The effects of Tasmania’s bushfire crisis, after several weeks of emergency situations around the state, are only just being realised.
Thankfully, at this stage there has been no loss of life and limited property loss, but the damage to agriculture and forestry will take years if not longer to recover.
Like firefighters and other emergency workers, Tasmania Police feel the effects of being on the frontline. In no way do we want to take away from the extraordinary efforts of the firefighting community, especially the volunteers within Tasmania Fire Service and the State Emergency Service (SES) who sacrifice their own time and safety for the communities they serve so well.
We just want to bring into the spotlight the effect such protracted incidents have on Tasmania Police, whose role it is to support the lead management authority, the Tasmania Fire Service.
Our members, on the frontline and within support commands, do what has to be done immediately without question.
This means working long hours above their normal shift cycles, with minimal breaks between shifts to decompress and relax.
Some of our members worked 80-hour weeks with little or no respite.
In order to resource an adequate response our members have had their leave postponed and or days off cancelled and replaced with overtime.
Normally these types of situations only last a short time but like the fires of 2013, this emergency has lasted much longer.
When these situations occur, Tasmania Police surges resources to respond accordingly.
What those outside of emergency services community don’t see is that business continuity must still occur.
While Tasmania Police officers are drawn away from their core responsibilities, their workload does not decrease. It doesn’t remain stagnant either, it continues to grow and as the response continues this burgeons and for some work areas takes a great deal of time from which to recover.
This fatigue doesn’t end when the last fire is extinguished for our members either. For some, who have worked a 12-hour shift overnight, they then have to sit in a courtroom all day waiting for their case to be heard.

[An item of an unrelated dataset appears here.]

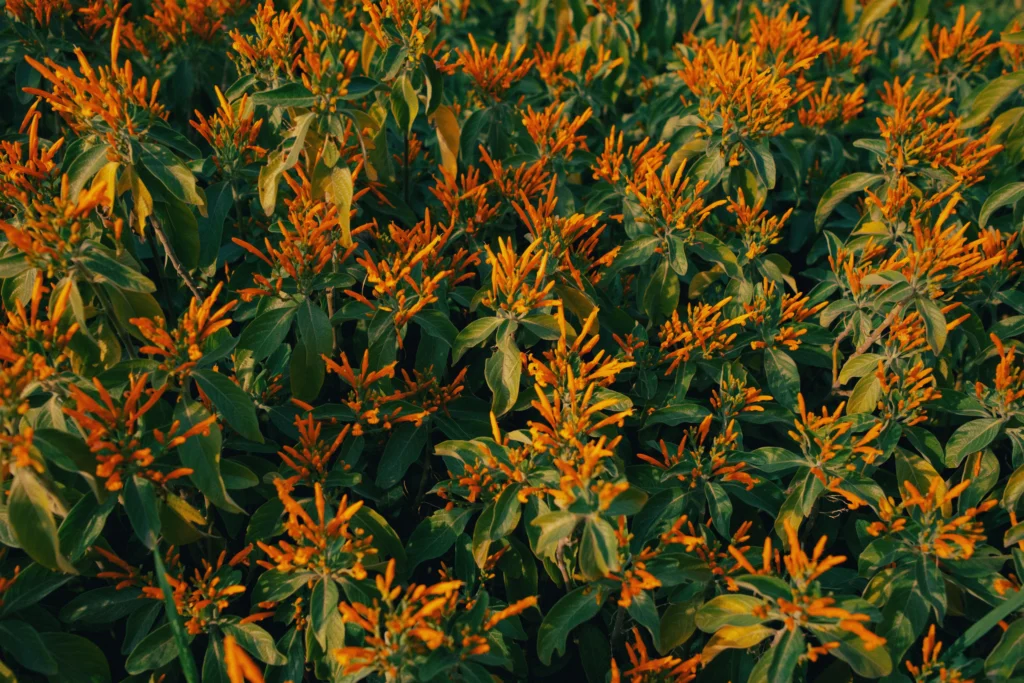 Firebush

The Police Association of Tasmania has long advocated for an end to this practice.
How any person in the modern age can accept this as fair, reasonable and safe workplace practice beggars belief.
The judiciary views police as professional witnesses and expect them to provide high-quality evidence. How, in a fatigued state, is this possible? If driving fatigued equates to a high level of intoxication how is this situation different?

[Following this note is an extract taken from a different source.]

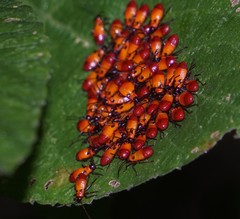 Oncopeltus spectabilis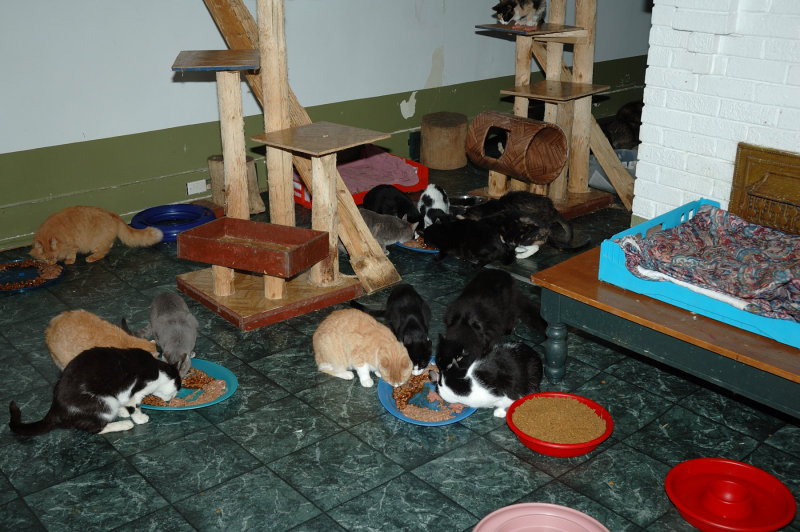 DSC_5440.JPG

All emergency service workers, full time or volunteer step up to do their chosen job because of an innate desire to help people.
No matter what the challenge, they go forward and approach unavoidable high risk, a trait that only a small part of our community is willing to do or acknowledge exists.
For police, this means 24 hours a day, 365 days of the year and no matter what extra emergencies exist around them, they just add it to their already unsustainable workloads and their diminished frontline resources.
Police also have the unenviable position no other emergency service has. They sometimes have to use force and ultimately can take the life of another human being for protection of themselves or others within the community.
These details often get forgotten about in times of emergency, so it’s timely we ask everyone to stop and think about all the emergency service workers out there right now and think about how their time away from family and work is adding to their personal stress.
Recently our members lost a colleague and friend. They kept on going at work for the community while grieving.
Please remember this next time your own actions draw the attention of the police or another emergency service and you are offended if you may receive a blunt response. Because sometimes it happens — it’s human nature and police are nothing if not human.
Andrew Bennett is assistant secretary of the Police Association of Tasmania.